1. Are there any good sources for before-and-after shots of heated gems? Particularly corundum, but really any CS; I'd just like to know more about how they "change". How predictable is the color change?

2. I think I've seen that zircon usually goes brown/red-->blue, tanzanite brown-->blue, apatite yellow-->blue... any corrections to that basic algorithm? I haven't figured out a pattern for corundum's color change yet, but I'd be interested to know what the "input" and "output" colors tend to be.

3. How do you know how hot, and how long, to heat for? Can you over-heat a gem?

4. I've seen people mention "basic heat" as a treatment -- are there any less-basic types of heat? Like... EXTREME heat, or something?

5. Are stones sometimes heated because of inclusions? Which inclusions improve with heating?

6. What inclusions or stone characteristics suggest a stone that's vulnerable to cracking when heated?

7. Are there any other perils for stones besides cracking or turning yucky colors when they're heated?

8. Are there any post-heating changes that are NOT permanent?

9. What other things do lapidarists think about when heating a stone?

10. Have you ever heard of someone buying an unheated stone and heating it themselves? Or sending it off to be heated? Those who are experienced in CS, have you ever been tempted by something you thought could improve with heating, or are virtually all potentially-improved stones already heated by the time we consumers see them?

I think that's enough for now... :) Thanks in advance!
 
You are asking too many questions! :lol:

First off, many of the heating temperatures are secret recipes and requires a proper oven, not a candle or kitchen oven. If done incorrectly, the stone can end up colourless! There needs to be a proper controlled heating and cooling process. I think colour of corundum starts to change around the 600 degrees Celcius mark.

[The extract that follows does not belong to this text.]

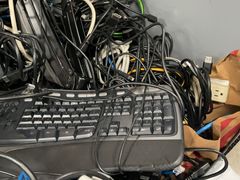 Electronics Keyboards Cables and Printers - Image 3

"Low" heat is under 1000 degrees Celcius
"High" heat around 1800 degrees Celcius

Aquamarine: 450 degrees Celcius
Amethyst to Citrine:: 450 degrees Celcius
Reddish Brown Zircon to Blue: 1000 degrees C in a reducing (oxygen free) environment
Reddish Brown Zircon to Colorless 900 degrees C in air
Orange Beryl to Morganite: 400 degrees C
Yellow and Brownish yellow topaz to Pink: 550 degrees C
Topaz (all colors) to Colorless:1000 degrees C
Dark Green Namibian Tourmaline will brighten Significantly:370 degrees C
Brownish Green Zoisite to Tanzanite:370 degrees C
Sapphire containing titanium to develop or brighten color:1600 degrees C

Sometimes, inclusions can "heal" with heat whilst others fracture and end up looking worse than before. Corundum and spinel can take higher temperatures and the appearance of inclusions can be lessened with heat. Tourmaline cannot take as high a temperature and can break into pieces if the inclusions fracture.

I recall Pandora and LD trying "chicken kunzite" using their home ovens. :))
 
Thanks, Chrono! I hadn't realized some of this might be secret information; I've just got a science/research background and I can't help myself. :twirl: Aren't you glad I limited myself to ten questions? And I'm note even posting any followup questions... yet. ;)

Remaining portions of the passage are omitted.